LYNN — Alisha Stephens attends Free Fridays every year at the Lynn Museum for a very simple reason: Her children love it.
Thar Chan, 8, and Caralyn, 4, colored at a table in the Museum’s expansive first-floor meeting and exhibit space while Stephens explained why the museum is worth the trip.
“They do a lot of free stuff throughout the year and there is plenty of space for the kids, inside and out,” she said.
Museum Interim Director Elena Hirshman-Seidel and her staff on Friday filled the first and second-floor exhibit rooms with music, kids tables and part of the miniature model depicting 19th century Lynn created by modeler Todd Gieg, who spent months recreating Market Street and the city’s waterfront in miniature.
Children played on the enclosed lawn abutting the Museum grounds and shoemaker Sarah Madeleine T. Guerin demonstrated shoe and boot-making techniques used by workers who made Lynn an industrial powerhouse for two centuries.
In conjunction with museums across the state and the Highland Street Foundation, an arts support organization, the museum has offered Free Fridays for three years. The focus on the arts downtown this week helped enhance the Museum’s Friday attractions.
“It’s great it is the same week as Beyond Walls. We can support one another,” Hirshman-Seidel said.
A Lynn resident, Stephens initially brought her children to Free Fridays to give them something to do on summer days. Its changing exhibit themes and insights into Lynn’s history attracted her back to the Museum.
Sara Fox-Ray lives in a century-old home near Sluice Pond, and her interest in its history prompted her to visit the Museum and learn more about the city.

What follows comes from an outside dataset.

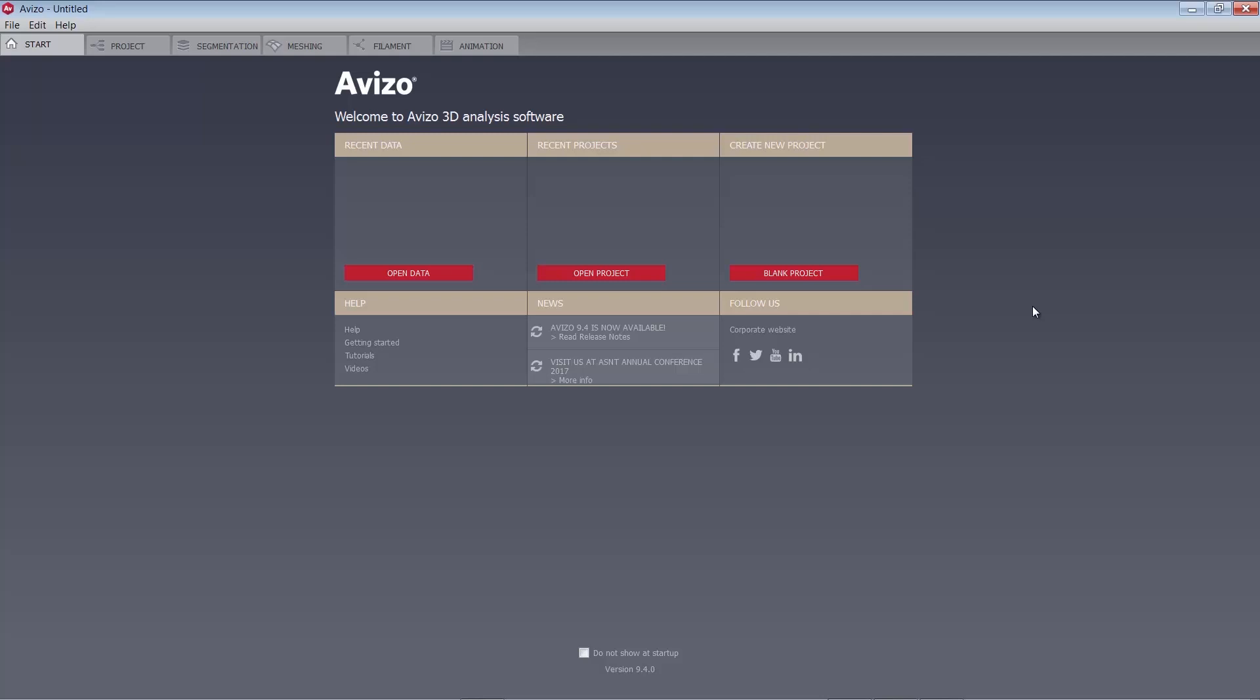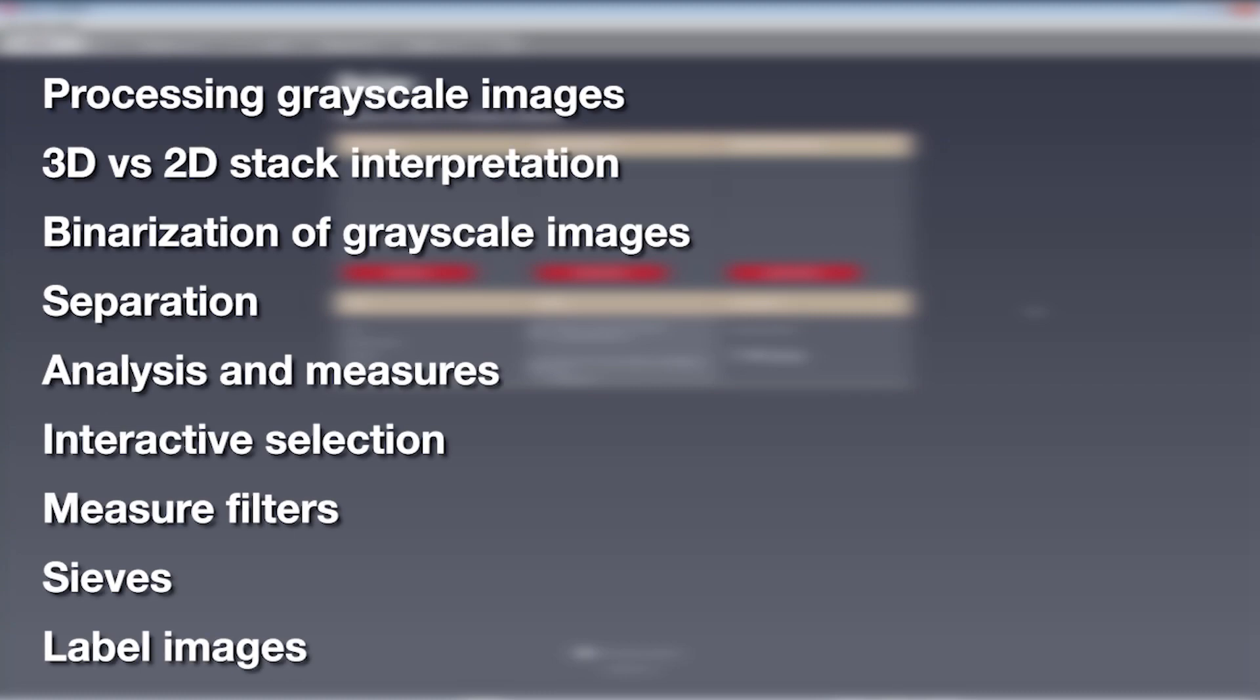This tutorial has the following parts in order: processing grayscale images, 3D vs 2D stack interpretation, binarization of grayscale images, separation, analysis and measures, interactive selection, measure filters, sieves, and label images.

“You always learn something new about the history of Lynn,” she said.
Her children ate Slushies on Friday while Fox-Ray listened to Guerin talk about “ten-footers,” the small, free-standing workshops like the one on display on the Museum’s grounds.
“Women and children made the uppers in different sizes and styles and then turned them over to be stitched onto soles. It was all invented in Lynn,” Guerin said.
Hirshman-Seidel said Free Friday sets the stage for a fall community day showcasing Gieg’s miniature landscape with its detailed three-dimensional portrait of a bygone Lynn.
“We’re trying to give people a little piece of Lynn they may not know about,” she said.